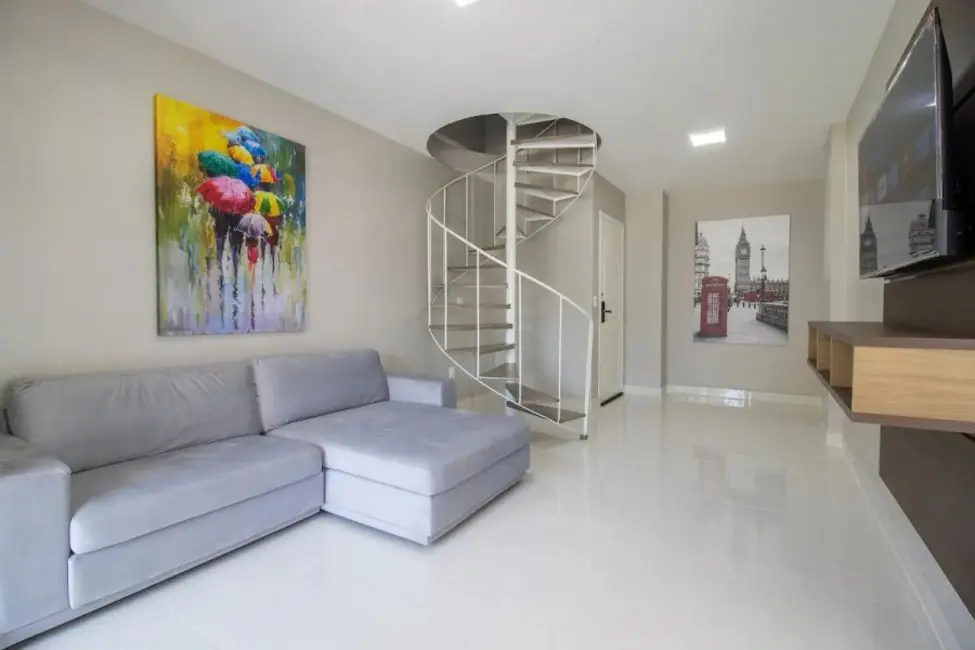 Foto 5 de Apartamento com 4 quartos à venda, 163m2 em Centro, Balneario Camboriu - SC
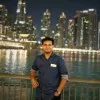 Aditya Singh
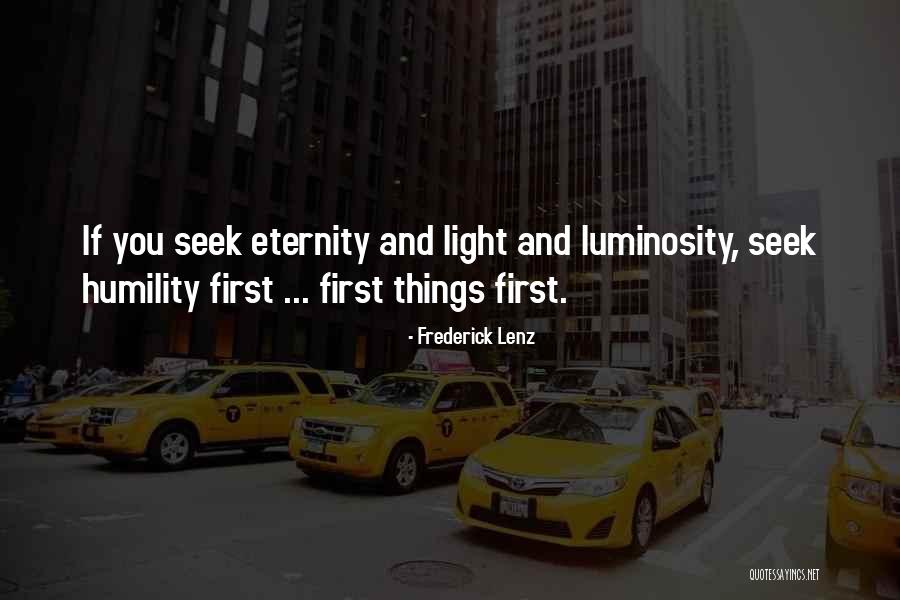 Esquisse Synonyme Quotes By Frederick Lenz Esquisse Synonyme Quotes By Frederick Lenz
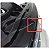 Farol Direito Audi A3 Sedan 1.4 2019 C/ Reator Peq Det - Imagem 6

——

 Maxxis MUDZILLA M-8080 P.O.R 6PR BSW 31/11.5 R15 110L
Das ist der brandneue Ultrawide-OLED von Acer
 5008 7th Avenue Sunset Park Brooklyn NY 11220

——

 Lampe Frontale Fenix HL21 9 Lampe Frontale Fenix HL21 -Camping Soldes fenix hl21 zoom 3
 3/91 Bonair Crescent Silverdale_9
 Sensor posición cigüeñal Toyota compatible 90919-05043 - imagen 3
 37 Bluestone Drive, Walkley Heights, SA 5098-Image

——

> **Work task**: What is needed is an exact copy of the lines above, from the one containing "Lampe Frontale Fenix HL21 9" through the one containing "37 Bluestone Drive, Walkley", with nothing added.

> **Exercise solution**:
 Lampe Frontale Fenix HL21 9 Lampe Frontale Fenix HL21 -Camping Soldes fenix hl21 zoom 3
 3/91 Bonair Crescent Silverdale_9
 Sensor posición cigüeñal Toyota compatible 90919-05043 - imagen 3
 37 Bluestone Drive, Walkley Heights, SA 5098-Image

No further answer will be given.